Reproduce the section of the listing that begins at the line containing "131 S H St in Lakeview, OR - Building Photo" and finishes at the line containing "Centralita del motor". Include both end lines and nothing beyond them.

→ **RAW DATA**
· · · · · · ·
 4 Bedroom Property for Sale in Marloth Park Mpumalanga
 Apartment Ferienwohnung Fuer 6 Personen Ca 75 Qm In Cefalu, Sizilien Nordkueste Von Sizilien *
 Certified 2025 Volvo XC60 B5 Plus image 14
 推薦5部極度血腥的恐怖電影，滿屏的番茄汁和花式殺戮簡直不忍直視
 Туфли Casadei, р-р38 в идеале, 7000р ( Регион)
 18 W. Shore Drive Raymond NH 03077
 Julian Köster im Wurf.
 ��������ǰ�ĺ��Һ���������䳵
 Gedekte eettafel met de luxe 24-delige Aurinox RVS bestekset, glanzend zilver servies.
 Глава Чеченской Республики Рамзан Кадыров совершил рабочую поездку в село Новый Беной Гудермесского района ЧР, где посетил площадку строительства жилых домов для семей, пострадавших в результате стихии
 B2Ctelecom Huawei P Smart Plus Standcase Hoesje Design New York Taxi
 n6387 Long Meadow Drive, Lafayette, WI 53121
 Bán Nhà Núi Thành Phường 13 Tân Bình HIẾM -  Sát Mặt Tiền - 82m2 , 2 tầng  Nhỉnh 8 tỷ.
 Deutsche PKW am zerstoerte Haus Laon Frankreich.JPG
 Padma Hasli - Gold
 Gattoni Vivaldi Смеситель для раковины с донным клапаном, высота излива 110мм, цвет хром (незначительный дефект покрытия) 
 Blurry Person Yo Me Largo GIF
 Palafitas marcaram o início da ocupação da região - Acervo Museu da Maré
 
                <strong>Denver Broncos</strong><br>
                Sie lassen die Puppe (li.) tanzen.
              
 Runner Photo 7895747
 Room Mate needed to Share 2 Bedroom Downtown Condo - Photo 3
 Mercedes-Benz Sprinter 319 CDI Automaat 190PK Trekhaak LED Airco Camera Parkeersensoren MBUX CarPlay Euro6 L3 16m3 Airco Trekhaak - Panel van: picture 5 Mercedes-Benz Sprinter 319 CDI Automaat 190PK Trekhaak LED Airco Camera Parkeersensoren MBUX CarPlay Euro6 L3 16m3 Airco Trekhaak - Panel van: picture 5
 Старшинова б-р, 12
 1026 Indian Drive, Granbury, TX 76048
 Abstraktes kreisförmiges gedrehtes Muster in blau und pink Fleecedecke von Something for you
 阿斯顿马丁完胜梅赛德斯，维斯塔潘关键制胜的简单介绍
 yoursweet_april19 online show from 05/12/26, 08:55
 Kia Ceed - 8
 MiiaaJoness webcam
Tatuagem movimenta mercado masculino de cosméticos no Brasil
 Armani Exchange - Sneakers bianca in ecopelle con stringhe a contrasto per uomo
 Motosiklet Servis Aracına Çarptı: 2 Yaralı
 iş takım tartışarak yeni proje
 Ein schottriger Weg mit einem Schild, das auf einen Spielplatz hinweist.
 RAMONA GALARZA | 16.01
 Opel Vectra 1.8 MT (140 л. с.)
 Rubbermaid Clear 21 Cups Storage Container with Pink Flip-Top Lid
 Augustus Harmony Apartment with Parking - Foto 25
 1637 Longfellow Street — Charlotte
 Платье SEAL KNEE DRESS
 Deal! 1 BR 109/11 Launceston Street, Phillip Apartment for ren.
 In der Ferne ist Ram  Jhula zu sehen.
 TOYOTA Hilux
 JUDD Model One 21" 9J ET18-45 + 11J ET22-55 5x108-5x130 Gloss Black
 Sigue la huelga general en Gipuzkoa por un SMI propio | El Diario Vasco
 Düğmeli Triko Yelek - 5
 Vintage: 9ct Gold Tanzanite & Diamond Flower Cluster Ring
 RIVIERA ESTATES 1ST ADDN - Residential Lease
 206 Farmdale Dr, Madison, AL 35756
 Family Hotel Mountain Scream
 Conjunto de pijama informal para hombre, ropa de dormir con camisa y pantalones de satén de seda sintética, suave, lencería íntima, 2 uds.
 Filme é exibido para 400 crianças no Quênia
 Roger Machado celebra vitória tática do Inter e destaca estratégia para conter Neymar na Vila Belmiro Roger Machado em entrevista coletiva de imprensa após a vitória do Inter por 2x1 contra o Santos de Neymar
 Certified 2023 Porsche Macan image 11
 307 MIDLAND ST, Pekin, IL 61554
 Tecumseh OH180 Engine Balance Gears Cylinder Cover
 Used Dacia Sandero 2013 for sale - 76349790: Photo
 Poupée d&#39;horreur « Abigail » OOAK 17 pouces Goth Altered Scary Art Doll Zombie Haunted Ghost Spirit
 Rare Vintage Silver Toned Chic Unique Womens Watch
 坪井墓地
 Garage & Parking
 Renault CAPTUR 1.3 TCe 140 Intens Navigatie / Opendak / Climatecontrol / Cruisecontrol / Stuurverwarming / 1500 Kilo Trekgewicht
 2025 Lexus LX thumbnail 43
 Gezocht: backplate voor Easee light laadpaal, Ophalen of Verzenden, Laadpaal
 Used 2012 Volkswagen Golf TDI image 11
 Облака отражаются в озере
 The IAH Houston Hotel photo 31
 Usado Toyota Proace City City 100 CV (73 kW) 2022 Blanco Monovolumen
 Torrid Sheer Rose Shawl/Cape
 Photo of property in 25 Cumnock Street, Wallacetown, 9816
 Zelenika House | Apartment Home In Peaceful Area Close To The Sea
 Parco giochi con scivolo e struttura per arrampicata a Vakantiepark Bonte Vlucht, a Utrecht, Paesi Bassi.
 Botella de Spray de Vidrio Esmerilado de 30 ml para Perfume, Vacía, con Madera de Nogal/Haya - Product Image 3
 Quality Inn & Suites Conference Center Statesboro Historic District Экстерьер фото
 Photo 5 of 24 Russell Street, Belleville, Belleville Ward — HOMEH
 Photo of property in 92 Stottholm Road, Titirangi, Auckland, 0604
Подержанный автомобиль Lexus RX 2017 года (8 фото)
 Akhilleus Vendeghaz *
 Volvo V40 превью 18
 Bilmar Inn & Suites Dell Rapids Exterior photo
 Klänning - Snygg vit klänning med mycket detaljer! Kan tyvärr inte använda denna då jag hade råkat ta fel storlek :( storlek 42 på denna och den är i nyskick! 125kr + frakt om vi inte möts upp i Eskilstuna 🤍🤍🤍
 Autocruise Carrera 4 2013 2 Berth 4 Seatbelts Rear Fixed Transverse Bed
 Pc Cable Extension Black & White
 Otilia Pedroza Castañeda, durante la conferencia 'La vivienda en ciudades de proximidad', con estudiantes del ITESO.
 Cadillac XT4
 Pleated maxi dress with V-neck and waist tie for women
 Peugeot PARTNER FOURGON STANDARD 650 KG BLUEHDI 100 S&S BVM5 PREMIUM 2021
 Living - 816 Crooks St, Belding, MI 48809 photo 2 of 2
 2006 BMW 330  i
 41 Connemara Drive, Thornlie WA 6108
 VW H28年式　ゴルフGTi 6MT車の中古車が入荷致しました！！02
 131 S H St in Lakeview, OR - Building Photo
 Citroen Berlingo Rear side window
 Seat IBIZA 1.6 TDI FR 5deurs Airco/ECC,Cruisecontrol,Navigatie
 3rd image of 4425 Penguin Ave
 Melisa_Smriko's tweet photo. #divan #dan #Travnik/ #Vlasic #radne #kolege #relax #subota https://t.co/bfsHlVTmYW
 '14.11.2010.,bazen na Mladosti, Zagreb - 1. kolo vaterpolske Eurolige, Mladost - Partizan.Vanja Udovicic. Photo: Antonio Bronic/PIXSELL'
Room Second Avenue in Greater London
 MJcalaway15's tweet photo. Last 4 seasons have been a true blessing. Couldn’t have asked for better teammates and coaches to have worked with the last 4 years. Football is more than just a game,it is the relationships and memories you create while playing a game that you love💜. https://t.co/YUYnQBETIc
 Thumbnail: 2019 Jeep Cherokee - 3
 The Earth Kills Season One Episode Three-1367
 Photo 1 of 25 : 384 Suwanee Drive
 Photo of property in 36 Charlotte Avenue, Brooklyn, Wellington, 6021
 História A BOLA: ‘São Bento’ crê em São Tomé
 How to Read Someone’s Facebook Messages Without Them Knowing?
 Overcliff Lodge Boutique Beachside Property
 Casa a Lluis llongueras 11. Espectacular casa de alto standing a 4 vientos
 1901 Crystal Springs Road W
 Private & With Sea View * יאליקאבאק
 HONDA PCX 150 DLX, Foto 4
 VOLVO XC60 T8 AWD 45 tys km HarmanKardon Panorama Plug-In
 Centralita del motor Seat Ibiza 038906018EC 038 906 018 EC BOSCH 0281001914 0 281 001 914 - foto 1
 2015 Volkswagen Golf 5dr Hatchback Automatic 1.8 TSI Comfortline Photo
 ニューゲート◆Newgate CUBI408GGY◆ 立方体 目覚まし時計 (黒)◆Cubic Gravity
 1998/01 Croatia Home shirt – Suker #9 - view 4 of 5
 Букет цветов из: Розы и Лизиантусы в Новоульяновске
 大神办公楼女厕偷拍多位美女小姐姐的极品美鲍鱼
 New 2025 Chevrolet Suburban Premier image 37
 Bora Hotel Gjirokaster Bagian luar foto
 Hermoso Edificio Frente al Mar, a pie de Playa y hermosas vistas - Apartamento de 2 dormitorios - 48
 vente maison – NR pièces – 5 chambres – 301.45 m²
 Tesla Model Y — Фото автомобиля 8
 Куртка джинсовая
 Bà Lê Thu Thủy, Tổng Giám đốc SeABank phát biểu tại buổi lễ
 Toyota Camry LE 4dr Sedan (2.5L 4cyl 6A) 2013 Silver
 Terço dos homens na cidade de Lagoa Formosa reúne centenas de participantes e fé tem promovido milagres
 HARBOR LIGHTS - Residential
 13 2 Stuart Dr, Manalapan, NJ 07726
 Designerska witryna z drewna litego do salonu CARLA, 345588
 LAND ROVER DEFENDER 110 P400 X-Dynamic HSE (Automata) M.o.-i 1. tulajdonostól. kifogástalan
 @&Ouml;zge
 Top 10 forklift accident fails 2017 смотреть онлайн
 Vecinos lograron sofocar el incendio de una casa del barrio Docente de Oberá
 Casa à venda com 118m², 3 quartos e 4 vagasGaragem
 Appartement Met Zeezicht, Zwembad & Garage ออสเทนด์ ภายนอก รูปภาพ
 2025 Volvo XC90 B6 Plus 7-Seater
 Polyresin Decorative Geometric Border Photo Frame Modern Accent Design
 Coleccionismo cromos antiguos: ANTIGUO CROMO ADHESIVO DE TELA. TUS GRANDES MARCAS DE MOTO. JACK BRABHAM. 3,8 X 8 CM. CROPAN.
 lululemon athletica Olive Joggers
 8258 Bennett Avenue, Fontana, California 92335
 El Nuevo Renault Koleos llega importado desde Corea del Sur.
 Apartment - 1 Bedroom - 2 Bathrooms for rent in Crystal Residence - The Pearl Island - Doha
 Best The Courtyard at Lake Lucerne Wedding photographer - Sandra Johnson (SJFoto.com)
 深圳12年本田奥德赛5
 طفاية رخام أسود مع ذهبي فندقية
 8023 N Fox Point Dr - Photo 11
· · · · · · ·
→ **TASK ANSWER**
 131 S H St in Lakeview, OR - Building Photo
 Citroen Berlingo Rear side window
 Seat IBIZA 1.6 TDI FR 5deurs Airco/ECC,Cruisecontrol,Navigatie
 3rd image of 4425 Penguin Ave
 Melisa_Smriko's tweet photo. #divan #dan #Travnik/ #Vlasic #radne #kolege #relax #subota https://t.co/bfsHlVTmYW
 '14.11.2010.,bazen na Mladosti, Zagreb - 1. kolo vaterpolske Eurolige, Mladost - Partizan.Vanja Udovicic. Photo: Antonio Bronic/PIXSELL'
Room Second Avenue in Greater London
 MJcalaway15's tweet photo. Last 4 seasons have been a true blessing. Couldn’t have asked for better teammates and coaches to have worked with the last 4 years. Football is more than just a game,it is the relationships and memories you create while playing a game that you love💜. https://t.co/YUYnQBETIc
 Thumbnail: 2019 Jeep Cherokee - 3
 The Earth Kills Season One Episode Three-1367
 Photo 1 of 25 : 384 Suwanee Drive
 Photo of property in 36 Charlotte Avenue, Brooklyn, Wellington, 6021
 História A BOLA: ‘São Bento’ crê em São Tomé
 How to Read Someone’s Facebook Messages Without Them Knowing?
 Overcliff Lodge Boutique Beachside Property
 Casa a Lluis llongueras 11. Espectacular casa de alto standing a 4 vientos
 1901 Crystal Springs Road W
 Private & With Sea View * יאליקאבאק
 HONDA PCX 150 DLX, Foto 4
 VOLVO XC60 T8 AWD 45 tys km HarmanKardon Panorama Plug-In
 Centralita del motor Seat Ibiza 038906018EC 038 906 018 EC BOSCH 0281001914 0 281 001 914 - foto 1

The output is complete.